The girls will be introduced to “graph theory, statistics, data mining and mathematical modeling techniques and software, while also developing problem solving and analytical thinking skills. Lab experiments, field trips and social events are planned, as well.”
“We want to show the girls, not that this is easy, but that it is difficult and that’s what makes it interesting. There is no gender with success,’’ said Associate Professor of Mathematics Munevver Subaski, who is running the Girls in STEM camp.
Field trips she has planned include a visit to the Florida Tech Plasma Spray Lab and the high-tech engineering facility run by drag racing champion Elaine Larsen, who co-founded Larsen Motorsports and drives the 5,500-horse-power Florida Tech-branded jet dragster capable of achieving speeds of nearly 300 mph in a quarter-mile race.
FIT is also doing a similar STEM camp sponsored by General Electric for Stone Middle School eighth-graders June 26-30, Spencer said.
Rockwell Collins is offering STEM camp scholarships for Brevard County youth who want to immerse themselves in the study of science, engineering, math, computer programing or aviation studies on a first-come, first-served basis.
Helping campers, seventh grade and up, take to the skies is Nick Galli, student services manager for FIT Aviation Flight Camp, which runs several flight camps segmented by age, ability and ambition in the area of aerospace.
“It takes a lot of work but it’s also very it’s rewarding,” Galli said. “I especially like it when younger kids sign up with the instructors [to continue studying to get their pilot’s license after camp is over]. I give them a log book to get started. There are a lot of great kids whose parents are engineers and they are encouraged in this way.

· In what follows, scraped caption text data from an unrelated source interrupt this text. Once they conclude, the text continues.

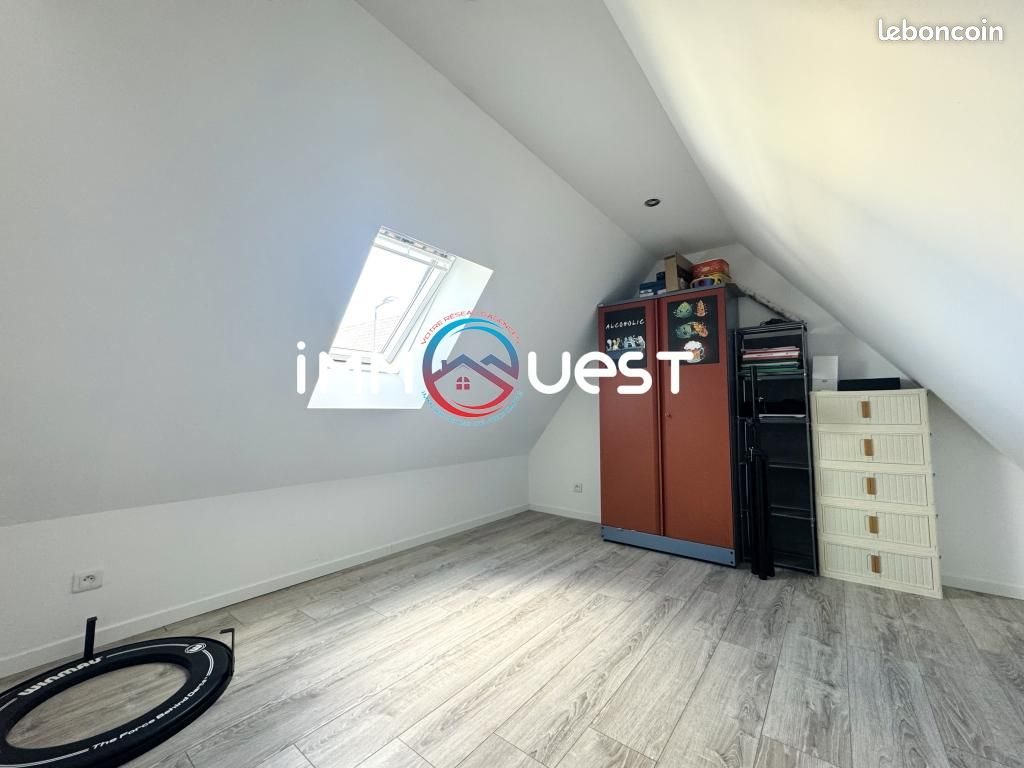 Maison à vendre, 53m², Guînes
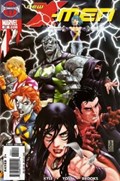 NEW X-MEN #20 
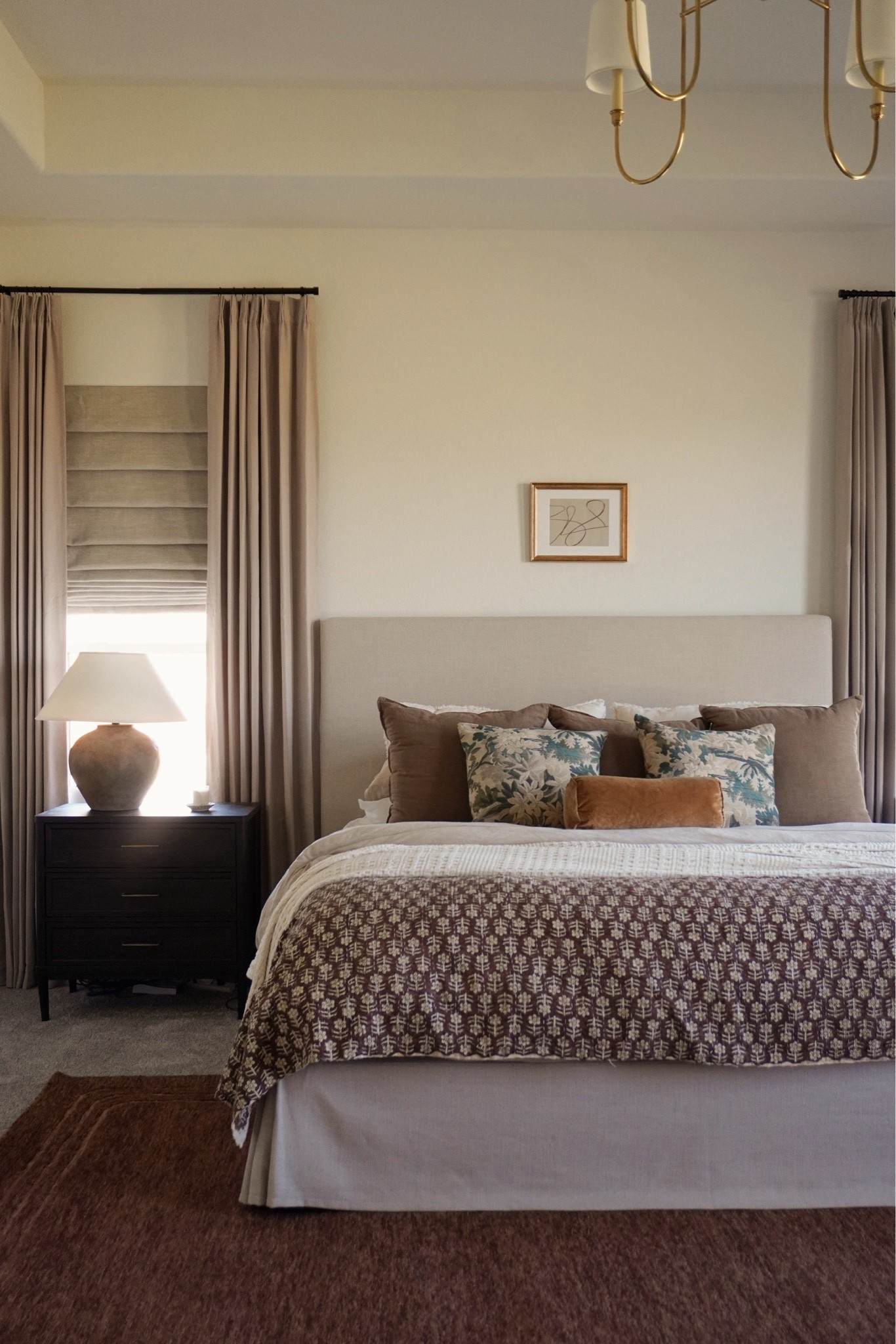 Fall master bedroom from last year! 

master bedroom, bedroom inspo, bedding inspo, fall home, fall bedding, seasonal home

#LTKSeasonal #LTKHome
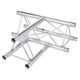 Global Truss F23T36 T-Piece B-Stock Saattaa olla pieniä käytön jälkiä.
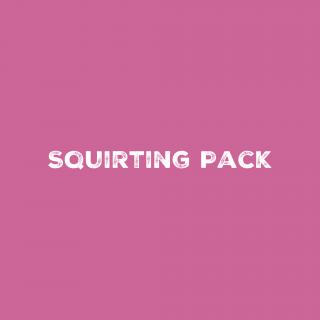 Squirting Pack bundle by Liv Pope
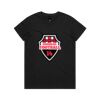 AS Colour Womens Maple Tee Thumbnail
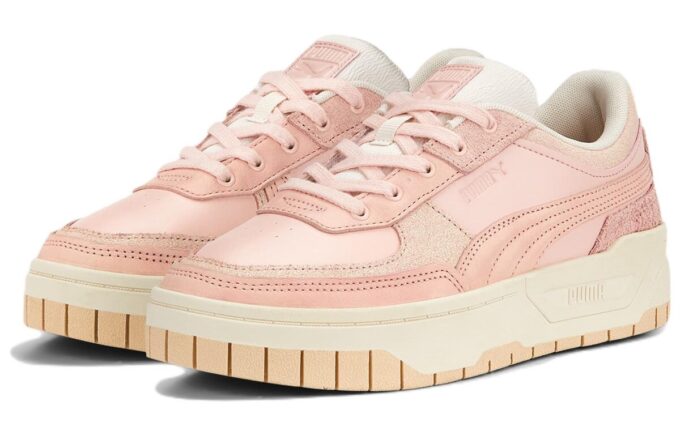 (WMNS) Cali Dream “Ahorrada – Polvo de Rosas”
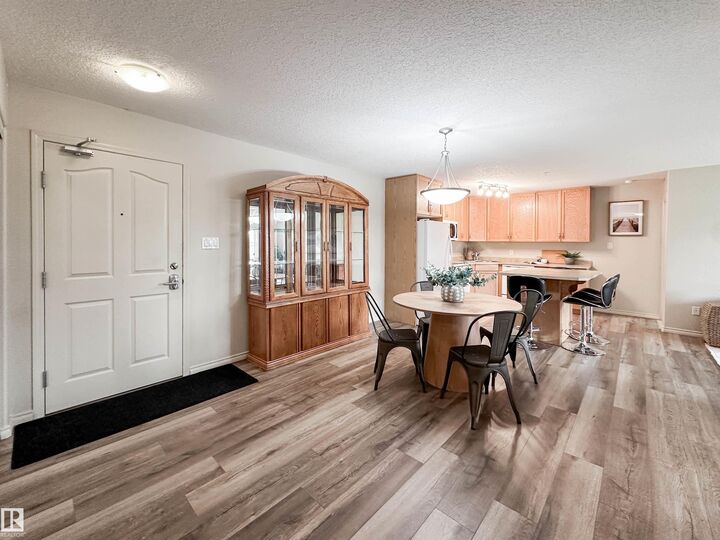 Property Photo: 78B McKenney Avenue 140 AB T8N 7K3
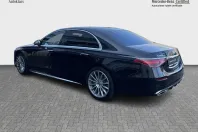 Mercedes-Benz S din 2022 cu 27.477 km - oferta MER130345 - foto 10
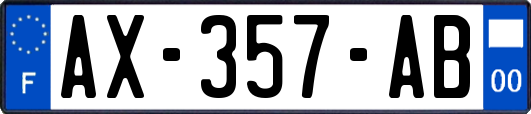 AX-357-AB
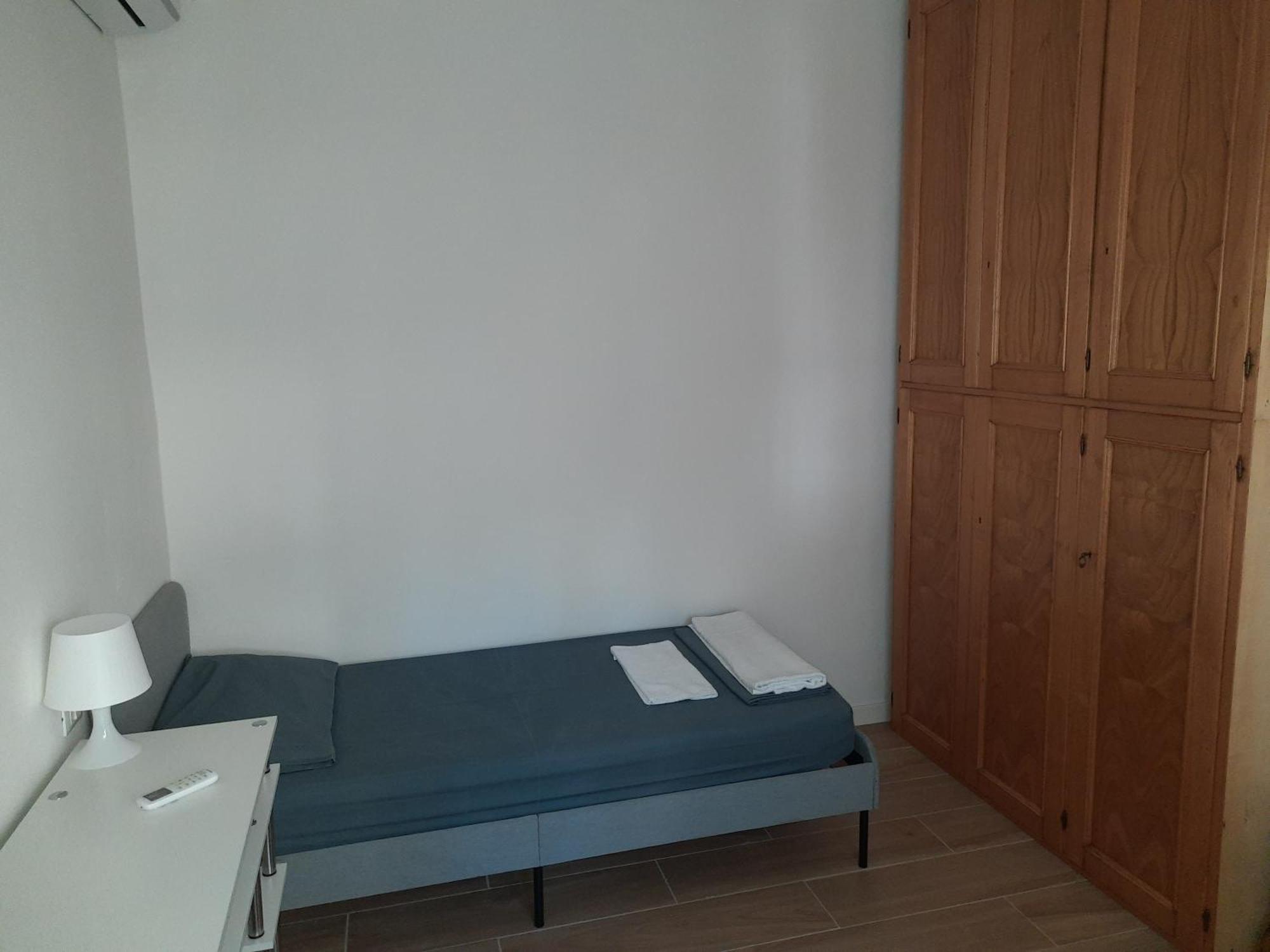 Spazioso Appartamento In Casa Singola Padova Con Giardino Zewnętrze zdjęcie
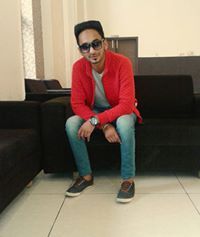 Aman Singh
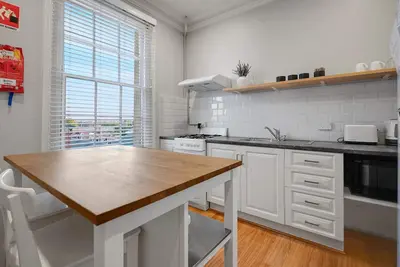 Image de Royal Apartment 2 | Cbd Location, Heritage Listed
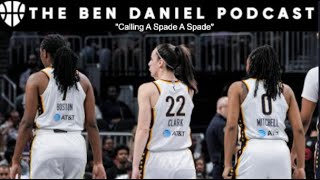 Indiana Fever ALLSTAR PLAYERS COME UP BIG IN COMEBACK VICTORY Despite Christie Sides Again [upl. by Idihc]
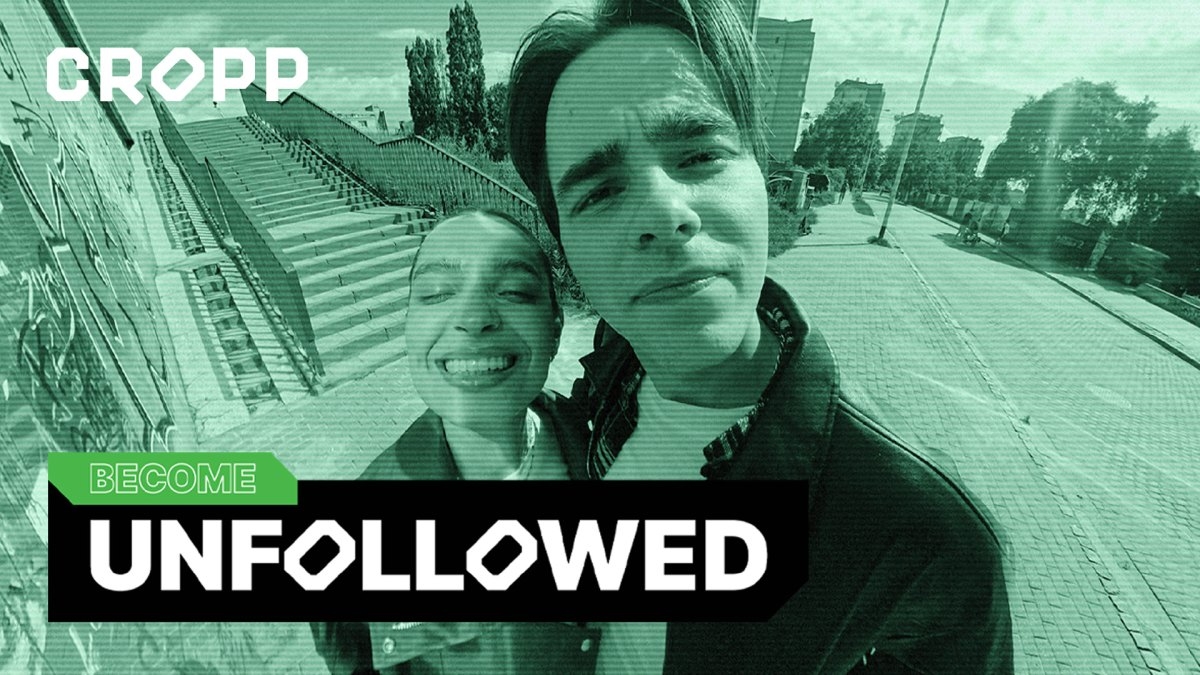 Become Unfollowed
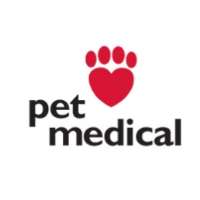 Pet Medical Logo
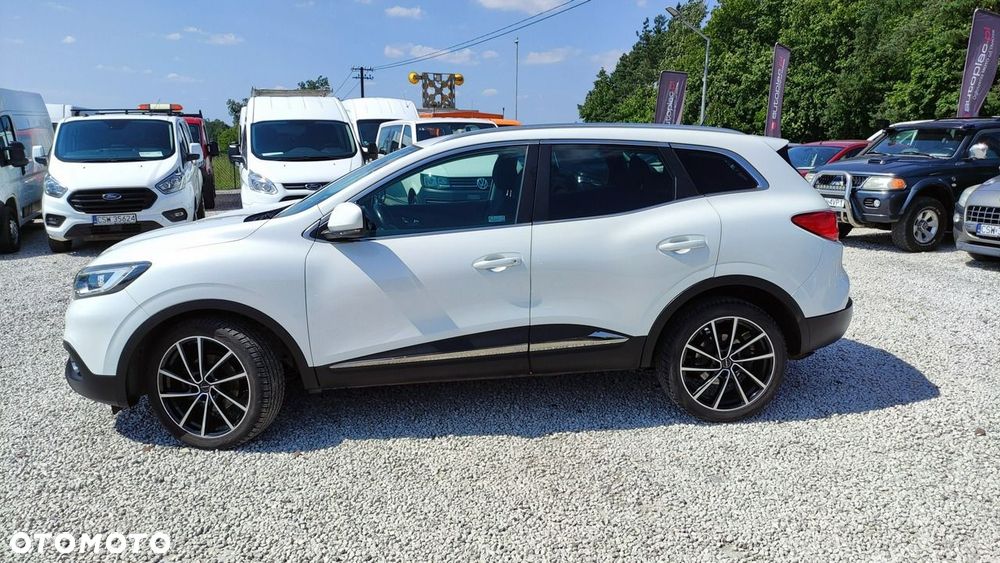 Renault Kadjar - 5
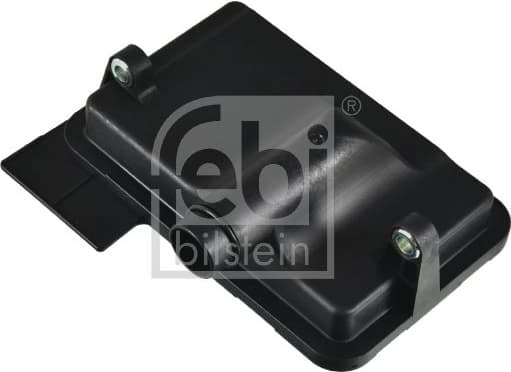 Hydraulic Filter, automatic transmission 171345 - image 2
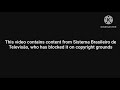 This Video Contains Content From SBT Who Has Blocked It On Copyright Grounds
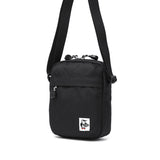 【日本正規品】 チャムス ショルダーバッグ メンズ レディース 小さめ 小さい ミニ 斜めがけバッグ CHUMS ショルダー 斜めがけ 大人 軽量 3L RECYCLE BAG リサイクルバーチカルミニショルダーバッグ CH60-3960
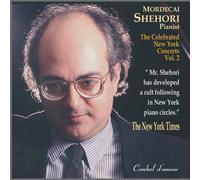 Beethoven - Celebrated New York Concerts 2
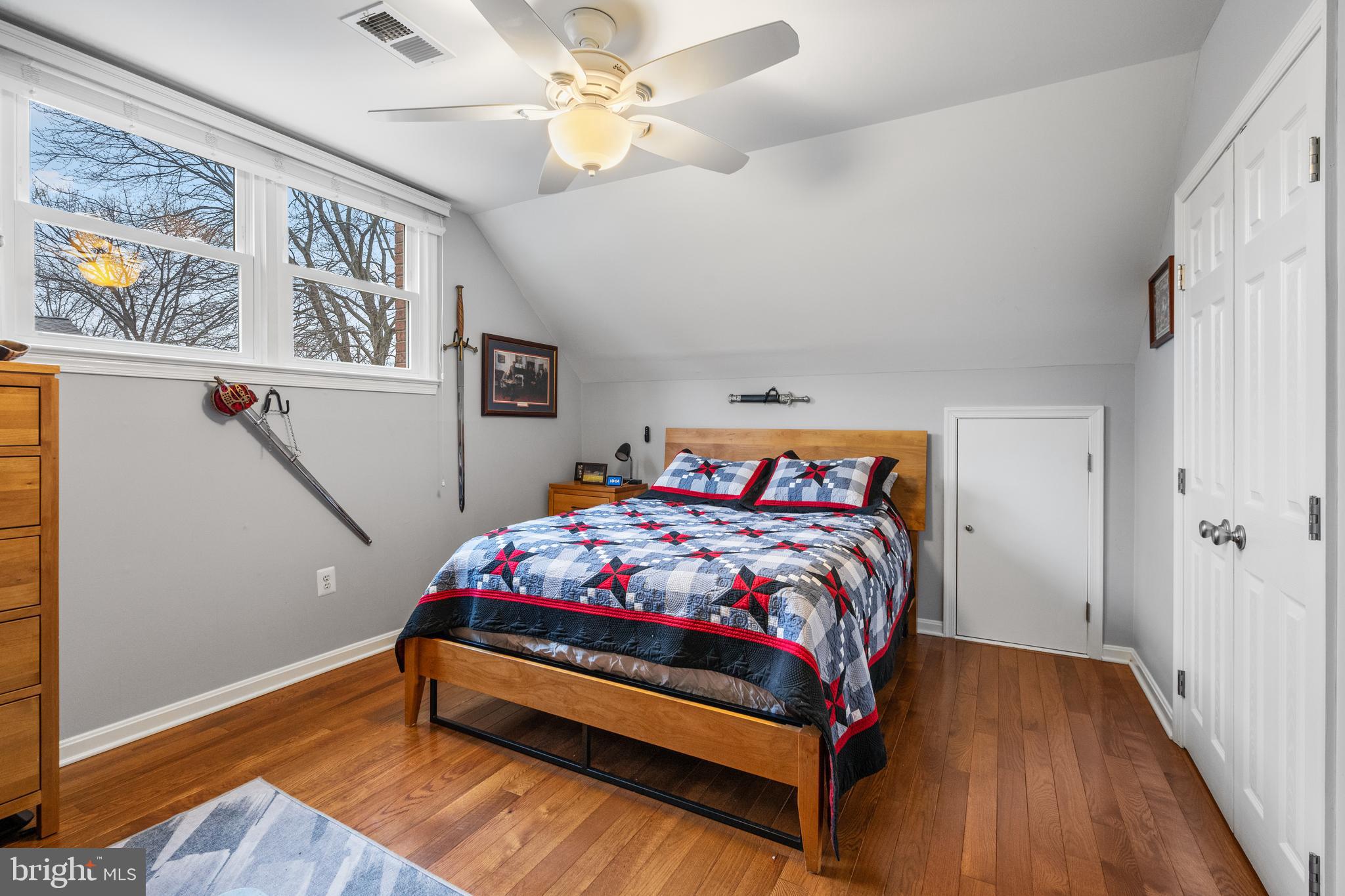 8125 LAKE PLEASANT DRIVE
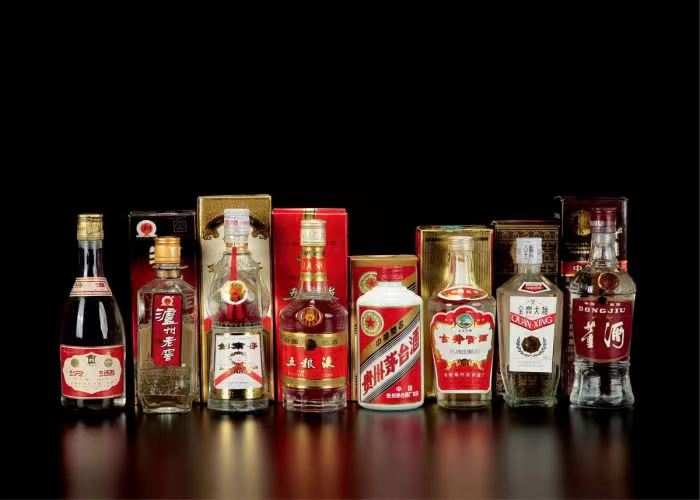 丰镇茅台酒回收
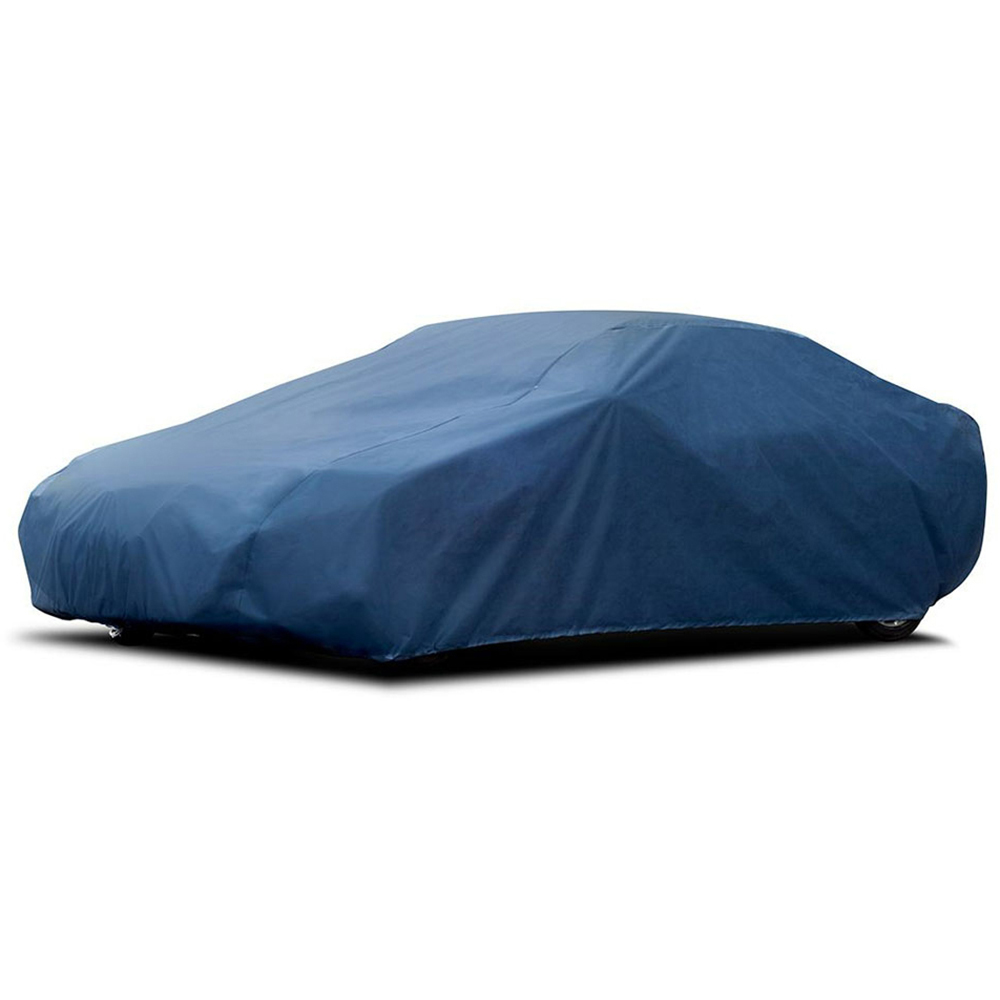 Prelata auto CARPASSION, XXL, albastru
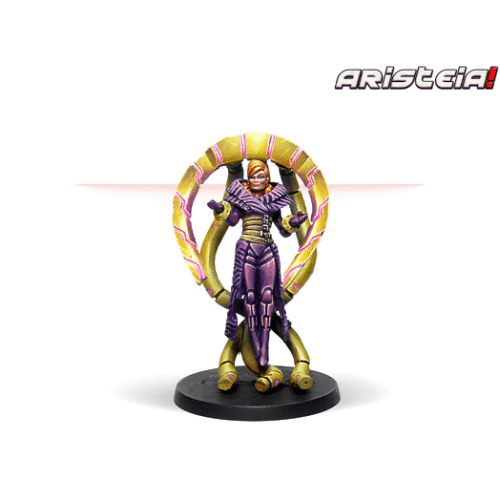 Доповнення до гри ARISREIA! Masters of Puppets Expansion set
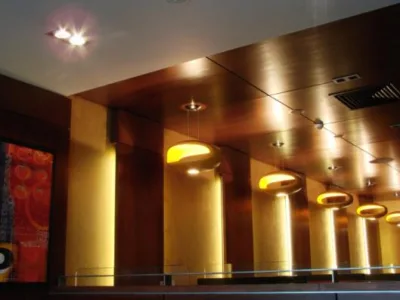Amenajari Interioare/ exterioare - constructii ,Bucuresti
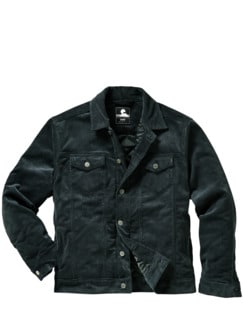 Cord Trucker Jacket Cord Trucker Jacket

I don’t know if they could get this exposure in most other locations in the country.”
Also on the summer schedule are art camps at Foosaner Art Museum, located in the Eau Gallie Arts District; sports camps for boys and girls designed to teach basic to advanced swimming, tennis, baseball and other sports, and snorkeling camps for ages 6-13 that teach the fundamentals of snorkeling.
Florida Tech’s Evans Library is offering a camp called What We Know: Understanding Media and its Influence for middle school and high school students age 13-16, while the marine science department is offering an Aquaculture, Biology and Conservation camp.
“Most of them are just a week and that’s a good amount of time to get a taste of something new,” Spencer said.